In spite of nearly random edge connection in a real-world graph, we can explore regularity in SpMM with row-major dense matrices to improve performance because in this case we multiply a non-zero entry with all elements in a row of the input dense matrix and add the results to the corresponding row of the output dense matrix. These operations can be accomplished by the vector CPU instructions, such as AVX [23] to enable more efficient memory access and computation. The current implementation relies on GCC's auto-vectorization to translate the C code to the vector CPU instructions by predefining the matrix width in the code.
I/O optimizations
Semi-external memory sparse matrix multiplication results in sequential I/O. For accessing data in fast SSDs sequentially, the overhead of operating systems such as thread context switch and memory allocation becomes noticeable. We need to tackle these obstacles in order to achieve the maximal I/O throughput of fast SSDs.

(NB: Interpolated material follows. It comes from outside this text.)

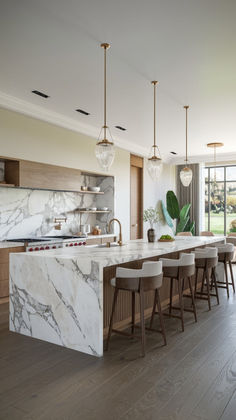 Embrace the elegance of marble and polished wood with these 25 modern luxury kitchen ideas. From sleek black kitchens to American kitchen designs, these spaces showcase sophisticated decor and high-end finishes. Perfect for those who seek a refined and stylish cooking environment. #MarbleKitchen #ModernLuxury #PolishedWood Elegant Kitchen Design, Kitchens Luxury, Dream Kitchens Design, 아파트 인테리어, Elegant Kitchens, Luxury Kitchen Design, Kitchen Inspiration Design, Luxury Kitchens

An application thread issues asynchronous I/O and polls for I/O to avoid thread context switches because the latency of a context switch can undermine the sequential I/O throughput of a high-speed SSD array. When a thread issues I/O and waits for I/O completion, the operating system switches the thread out; the operating system reschedules the thread for execution once I/O is complete. However, there is latency for thread rescheduling and the latency from frequent rescheduling can cause noticeable performance degradation on a high-speed SSD array. As such, we use I/O polling to avoid a thread from being switched out after the thread completes all computation available to it.

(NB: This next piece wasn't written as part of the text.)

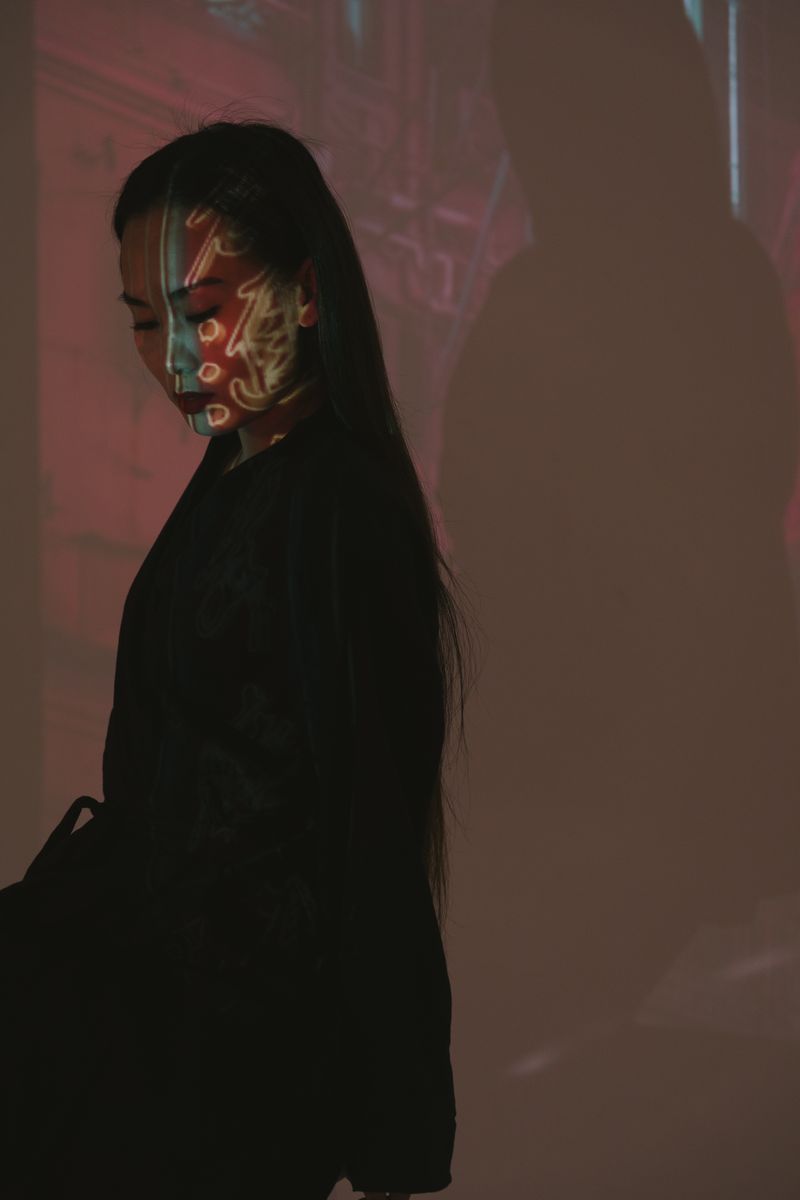 A woman in a studio with colorful light projections across her face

When accessing a sparse matrix or a dense matrix from SSDs, we maintain a set of memory buffers for I/O access to reduce the overhead of memory allocation. We use large I/O to access matrices on SSDs to increase I/O throughput. The operating system usually allocates a large memory buffer with mmap() and populates the buffer with physical pages when it is used. It is computationally expensive to populate large memory buffers frequently. When accessing high-throughput I/O devices, such overhead can cause substantial performance loss. Therefore, we keep a set of memory buffers allocated previously and reuse them for new I/O requests. For accessing a sparse matrix, tile rows usually have different sizes, so we resize a previously allocated memory buffer if it is too small for a new I/O request.
Parallelization
When parallelizing sparse matrix multiplication, we take into account semi-external memory and the power-law distribution of non-zero entries in each row of the sparse matrix.
We partition a sparse matrix horizontally for parallelization ( Figure 1 ) to reduce thread synchronization and memory consumption. With horizontal partitioning, a thread only needs to read tile rows assigned to it from SSDs and processes them independently. Once the tile rows are ready in memory, the thread multiplies the tile rows with the input dense matrix. Horizontal partitioning also significantly reduces memory consumption. For example, horizontal partitioning ensures that only the thread assigned tile rows need to allocate local memory buffers to store the intermediate results when going through all the tiles in a partition. This is essential to reduce remote memory access in a NUMA machine. Horizontal partitioning also allows a small matrix index to locate non-zero entries in the sparse matrix quickly, because we only need to locate tile rows. As such, the matrix index is tiny even for a sparse matrix with billions of rows and we can keep the entire matrix index in memory.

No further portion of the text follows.